* **Material for the task**:
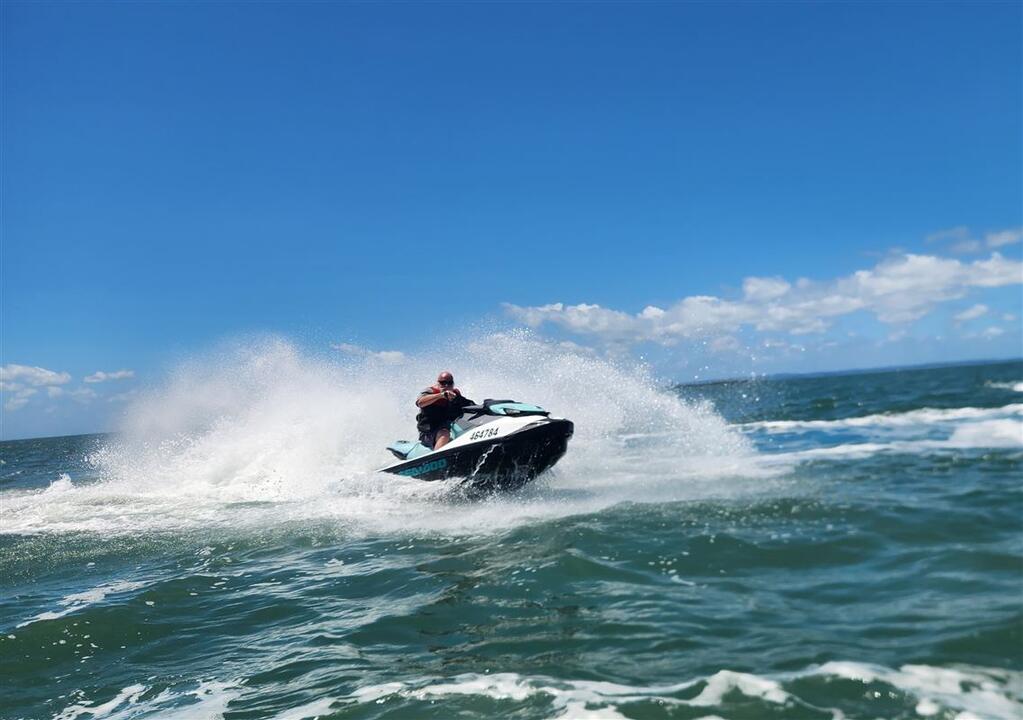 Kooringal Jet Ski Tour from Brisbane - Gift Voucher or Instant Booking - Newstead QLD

---

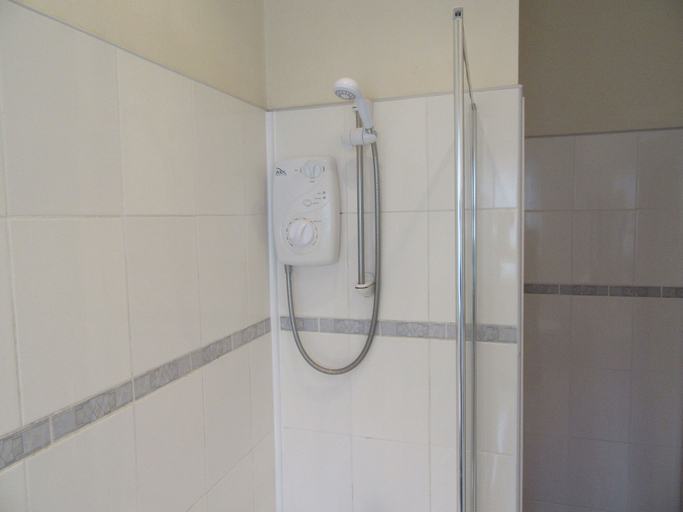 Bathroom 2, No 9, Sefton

---

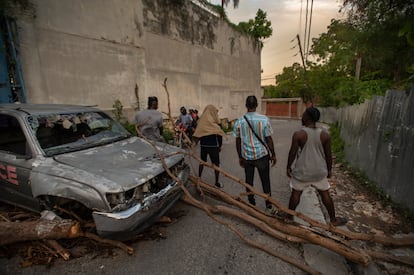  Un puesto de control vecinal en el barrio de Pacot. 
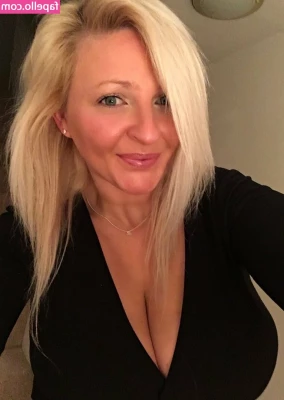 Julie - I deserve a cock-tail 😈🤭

* **Required action**: Extract from the material above the stretch running from the line containing "Un puesto de" through the line containing "Julie - I deserve a cock-tail 😈🤭". Keep the text exact and the pictures out.

* **Response**:
  Un puesto de control vecinal en el barrio de Pacot. 
 Julie - I deserve a cock-tail 😈🤭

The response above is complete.